1. Field of the Invention
The present invention relates to a method for channel estimation in a communication system, particularly to a method for OFDM and OFDMA channel estimation via phase-rotated polynomial interpolation and extrapolation.
2. Description of the Prior Art
There exist various electronic products today for wireless communication, including mobile phones, wireless metropolitan area network (WMAN), wireless local area network (WLAN), global positioning system (GPS), Bluetooth, and so on. Besides convenience of use, size, and external appearance, their performance is unsurprisingly a focus point that must be attended to in associated research and development. It also goes without saying that, in this, the technology relating to baseband signal transmitting and receiving components, which play a critical role in the overall transceiver operation, is of great importance.
Channel estimation algorithms play an important role in transceiver design for wireless communication systems based on orthogonal frequency-division multiplexing (OFDM), orthogonal frequency-division multiple access (OFDMA), etc. Various forms of channel estimation algorithms can be designed for various pilot carrier (also called pilot subcarrier) configurations and various channel characteristics, resulting in a significant number of channel estimation algorithms employing various methodologies and with various realization complexities.
United States Patent Application No. 2007/0183521 titled “Method of channel estimation” discloses a technique that divides a frequency response into an amplitude response and a phase response for channel estimation. It estimates the amplitude response and the phase response separately and combines them into a channel response. Various interpolation and extrapolation (henceforth abbreviated inter/extra-polation) methods, e.g. linear inter/extra-polation or various weighted inter/extra-polation methods, can be used in the estimation of amplitude and phase responses. Because of the need to estimate amplitude and phase responses, this method requires the non-linear coordinate conversion from polar coordinates to rectangular coordinates for each subcarrier where the channel response is to be estimated.

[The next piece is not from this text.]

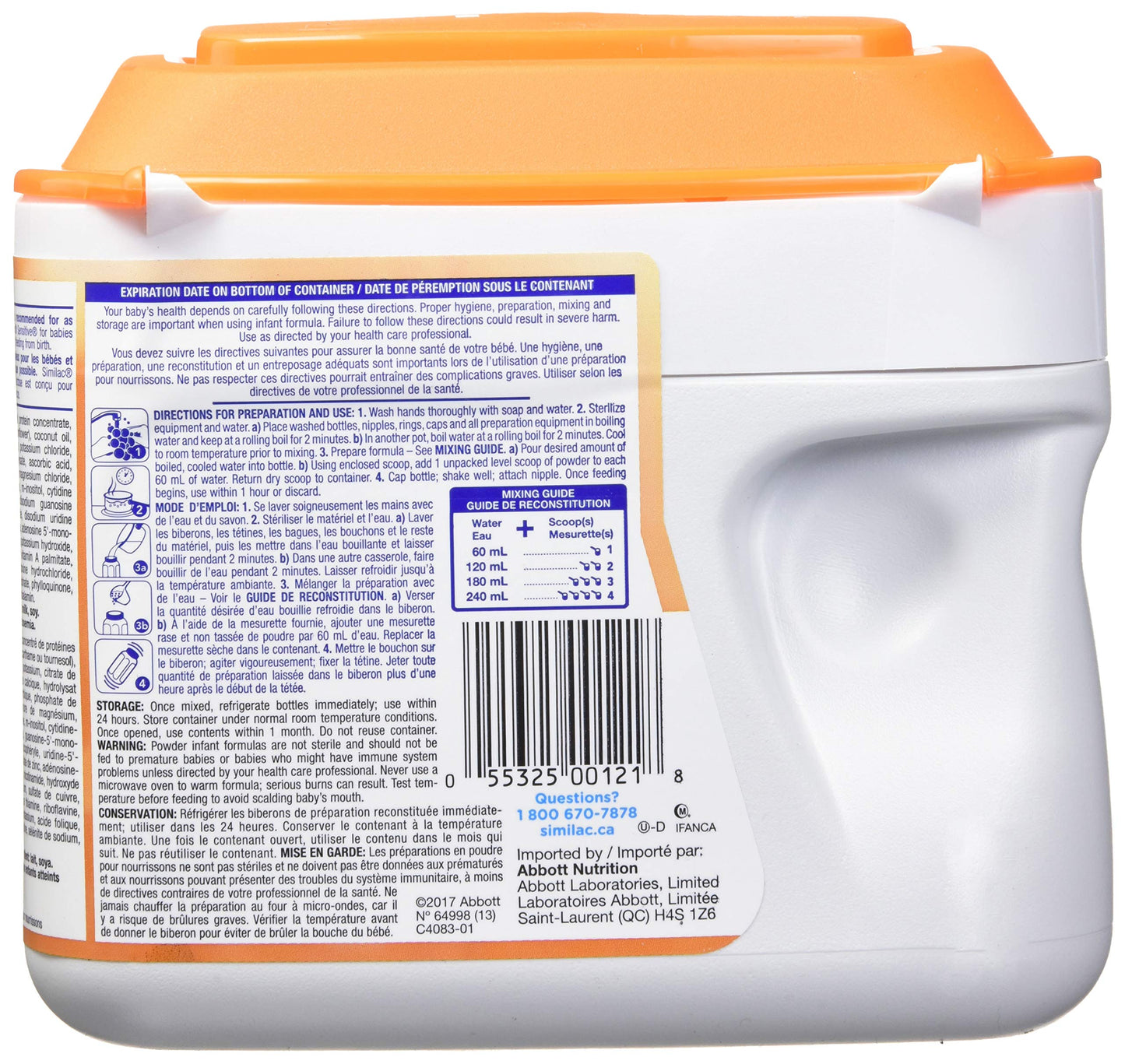Similac Sensitive Lactose Sensitivity Non-gmo Baby Formula Powder, 0+ Months, Orange, 638g Similac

United States Patent Application No. 2006/0239178 A1 titled “Reduced complexity channel estimation in OFDM systems” considers the processing of received signal. Observing that transmission delay causes phase rotation in the received signal, the method counter-rotates the received signal at each subcarrier to a channel delay appropriate for channel estimation prior to performing the channel estimation for the subcarriers. The algorithm seeks to lower the effect of signal phase rotation before channel estimation. It is based on heuristic reasoning without a mathematically clearly formulated quality measure and it needs to apply a different amount of phase rotation to each subcarrier.
M.-H. Hsieh and C.-H. Wei's “Channel estimation for OFDM systems based on come-type pilot arrangement in frequency selective fading channels” (IEEE Trans. Consumer Elec., vol. 44, no. 1, pp 217-225, February 1998) proposed a linear interpolation with phase compensation for combined multicarrier symbol timing and channel response estimation to mitigate the linear interpolation error caused by channel transmission delay. However, the amount of phase rotation is estimated in an ad hoc and heuristic manner, lacking a proper theoretical foundation and neither being an optimal solution. In contrast, the present invention derives the theoretically optimal values and proposes several methods to estimate the optimal values.
In addition, for linear inter/extra-polation and, more generally, for polynomial inter/extra-polation, the performance depends on the accuracy of symbol timing estimation and the amount of channel delay spread. Inaccurate symbol timing estimation results in relatively long channel delay, which, similar to excessive channel delay spread, would cause severe model error in linear inter/extra-polation and general polynomial inter/extra-polation. This phenomenon is an important design issue in system implementation. Take OFDMA uplink transmission, for example. Because multiple users transmit their symbols according to a common timing plan whereas different users experience different propagation delays, a ranging process is often employed to adjust the uplink transmission delays so as to attain accurate symbol timing synchronization among all users. If the channel estimation algorithm could take into consideration the effect of different propagation delays of different users and handle it properly, then it could reduce the required accuracy in symbol time synchronization of the ranging process.